Gaslight opens with the ghastly murder of a one Mrs. Barlow (Marie Wright); garrotted in her living room, her home ransacked and her famous jewels vanished. The house on Pimlico Square remains uninhabited for years until finally being bought by the Mallens, Paul (Walbrook) and Bella (Diana Wynyard), who close up the former resident’s bedroom on the top floor and live in the remainder. It seems, however, that No. 12 is destined at be haunted by a spectre from its ghoulish past when a local ex-policeman, B.G. Rough (Frank Pettingell), recognises Mallen as the nephew of the murdered Mrs. Barlow. Why would he come back to the scene of the grizzly crime? And has he something to do with the mental unravelling of his good lady wife?
Perhaps foremost should be Walbrook himself who gives a trademark intense performance that drips with malevolent intent. It’s the kind of acting that would be considered over the top to modern audiences, but perfectly suits this Gothic drama. Similar in pitch is Wynyard, who must play the disturbed wife spiralling into madness at the hands of her nefarious husband. Her memory falters, she begins to develop an odd case of kleptomania, and every evening she imagines the eponymous lights in the house dim whilst alone. They’re supported ably enough by a selection of “awright guvna” cockneys and the steady eye of director, Dickinson.

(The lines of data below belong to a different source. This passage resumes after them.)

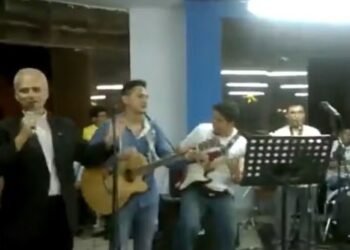 papa-cantando-natal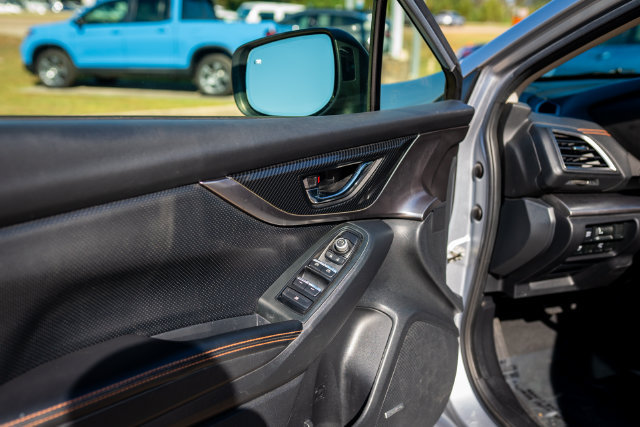 Used 2018 Subaru Crosstrek 2.0i Limited AWD/4WD image 30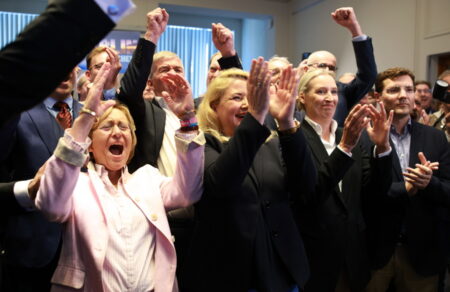 exit-poll-sti-germania-proti-dynami-i-afd-sto-meklemvoyrgo-dytiki-pomerania-niki-gia-tin-aristera-sto-verolino-816790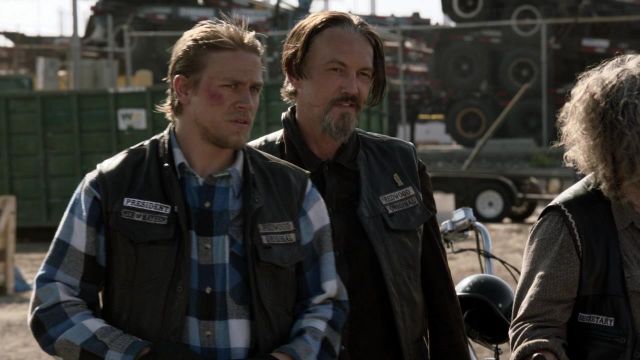 The leather jacket without sleeve of Jax Teller (Charlie Hunman) in Sons of Anarchy S05E01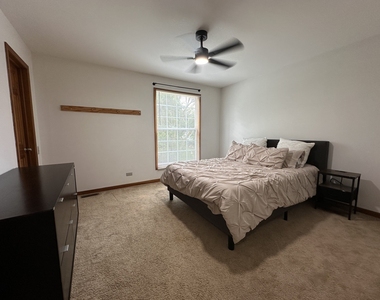 1381 Glacier Parkway - Photo Thumbnail 9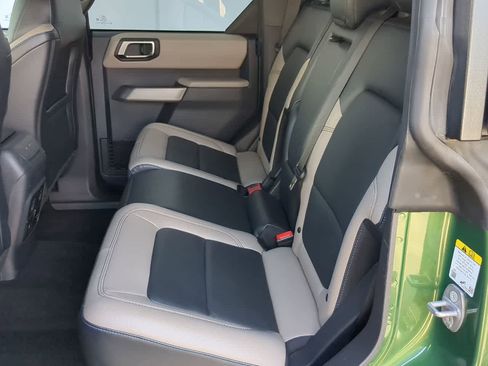 Used 2023 Ford Bronco Wildtrak image 19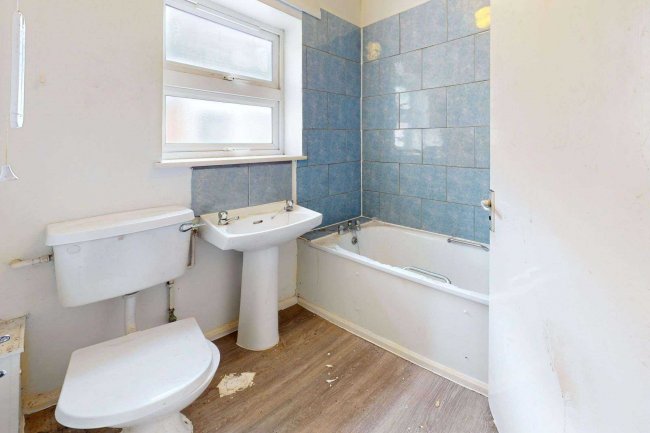 First Floor Flat, 58 Essex Road, Manor Park, London, E12 6RE 9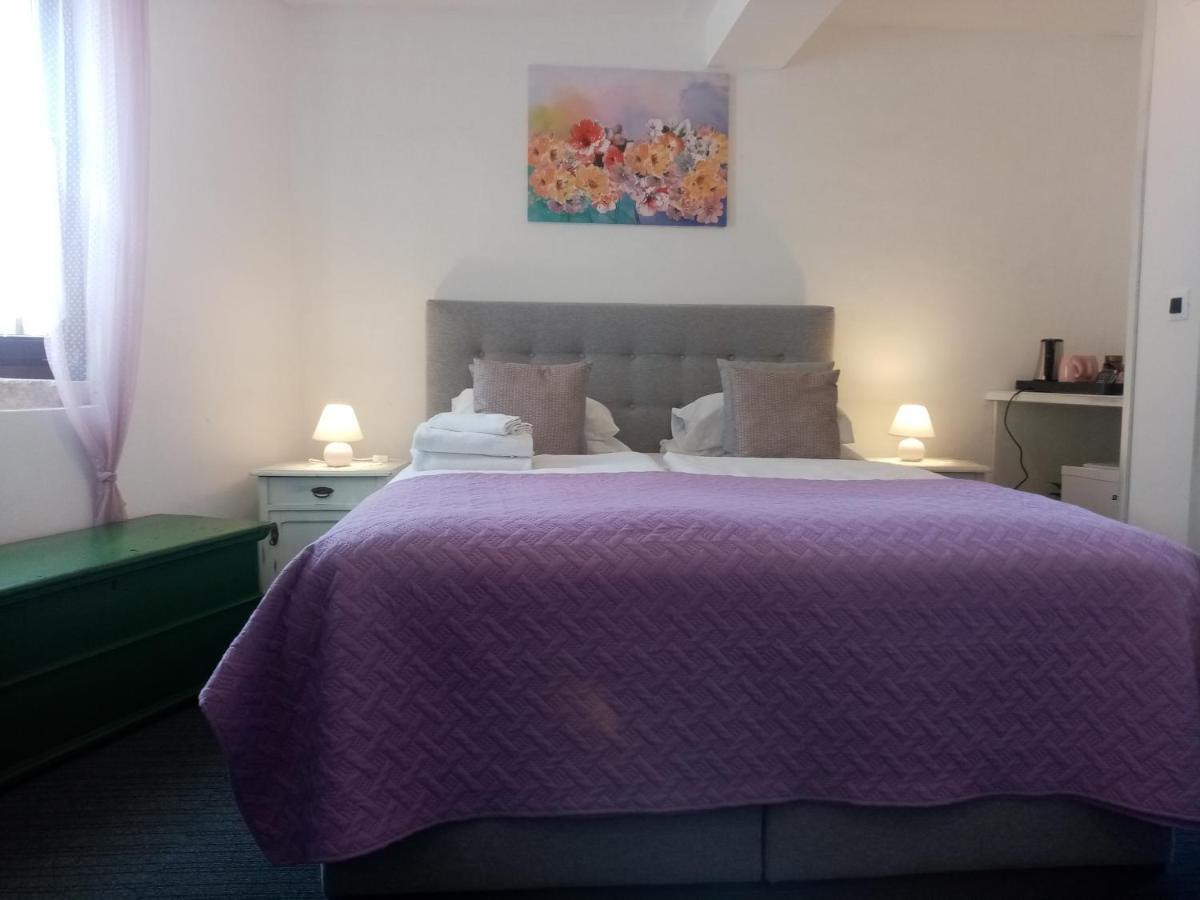 מוטובון Rooms Serafin מראה חיצוני תמונה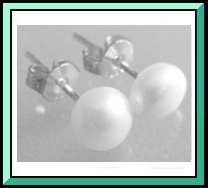 100% GENUINE WHITE FRESHWATER PEARL STUD EARRINGS 5-6mm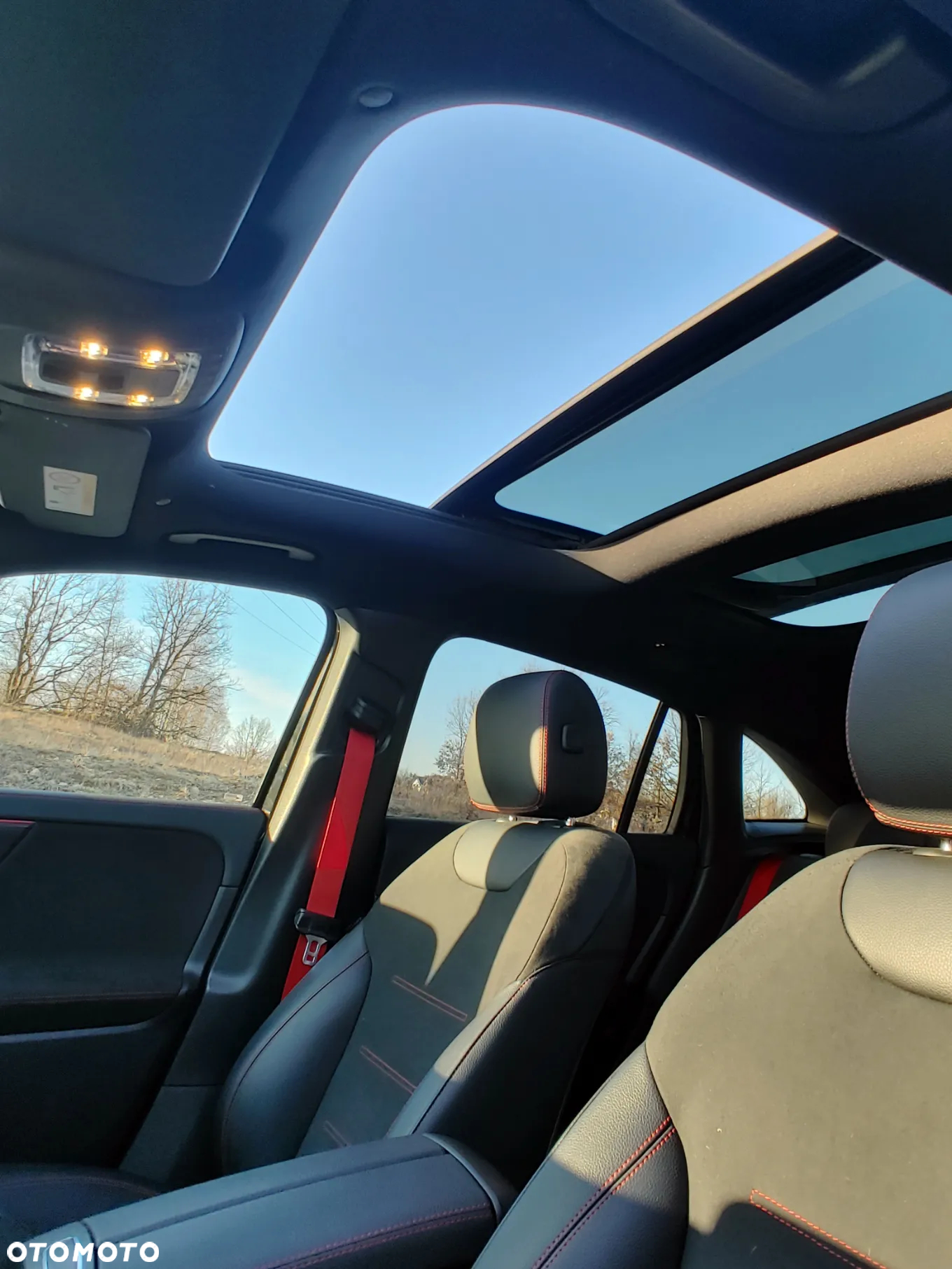 Mercedes-Benz GLA AMG 35 4-Matic - 14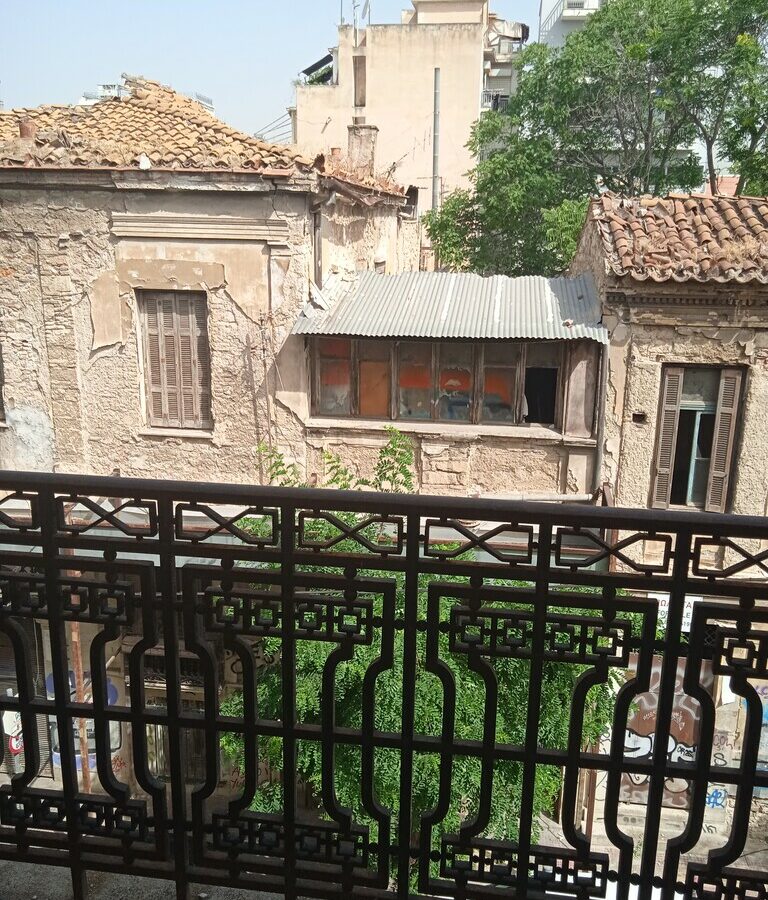 For Sale Building 650 M² In Athens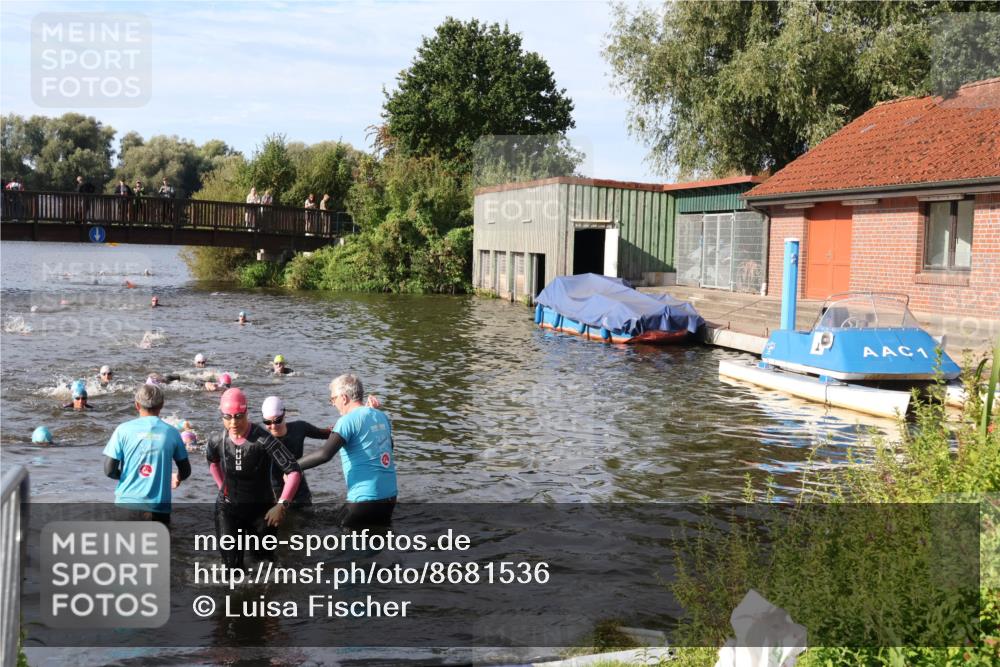 31.08.2025 - Elbe Triathlon Hamburg Luisa Fischer http://msf.ph/oto/8681536 31.08.2025 09:33:59 Schwimmen 842, 868, 906 meine-sportfotos.de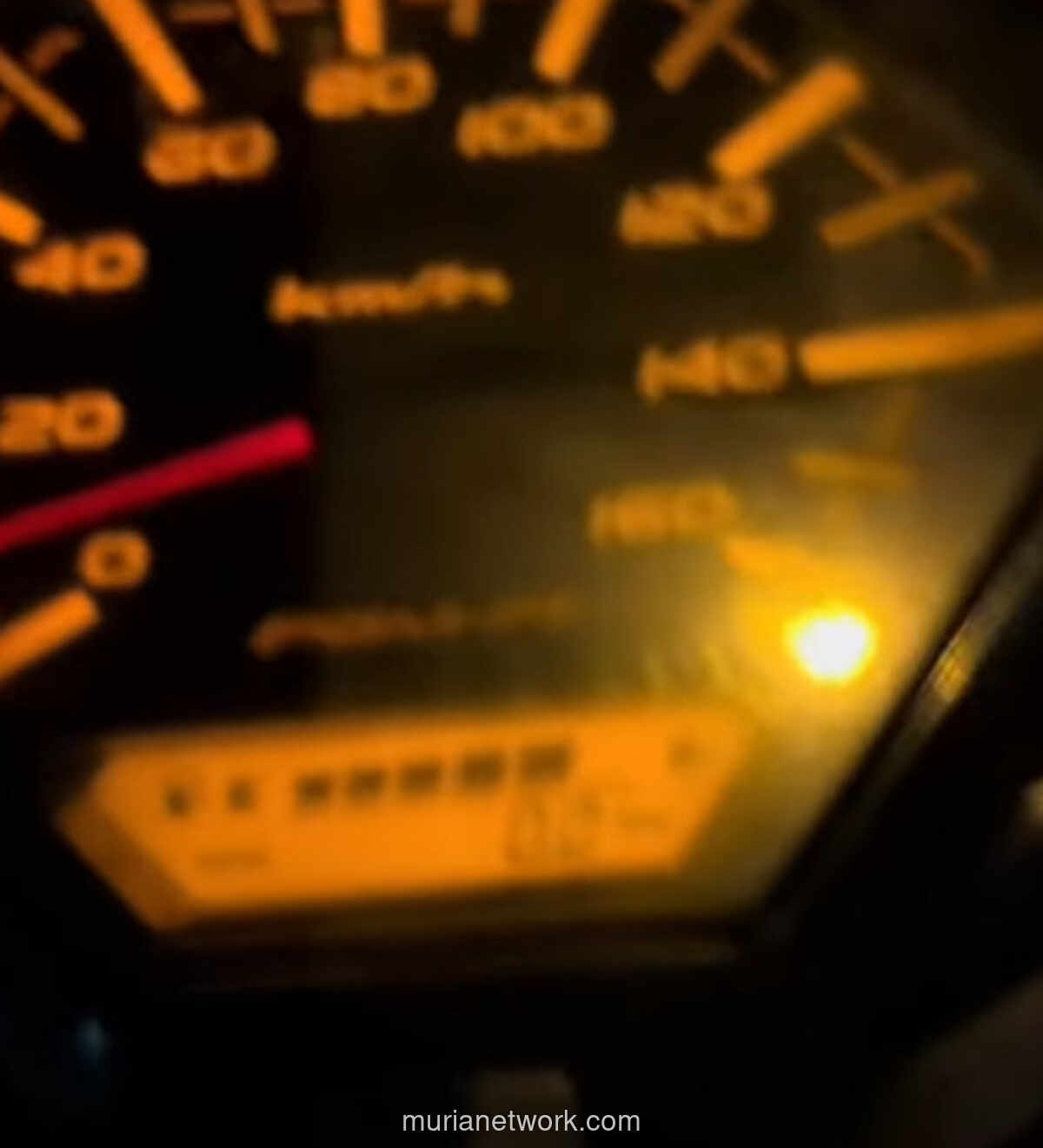 Odometer Nyalip 100 Ribu Kilometer, Begini Reaksi Spontan Si Pemilik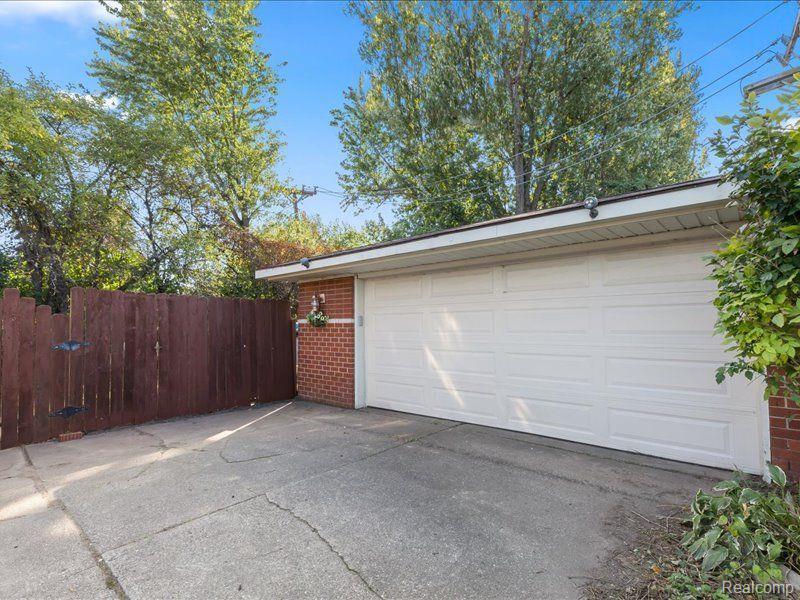 14224 Brandywine Road Sterling Heights, MI 48312 - Photo 5 of 33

Strangely, despite being based on a successful stage play, it’s the narrative structure that doesn’t quite work. Rather than seeing Bella as a normal, well-adjusted woman, slowly driven insane, the audience just witnesses the end of her torment and as such, little suspense is created. It may make for a realistic depiction of such manipulation – and terms of the time it would take – but eschews showing her tortuous woes and mental decline. Luckily, Walbrook’s flat-out dastardly turn is enough to convince of the man’s evil ways whether we see them or not and his wild eyes in the finale also leave little doubt. For what could have made for a slow-burning British thriller, Gaslight never quite grips as it should.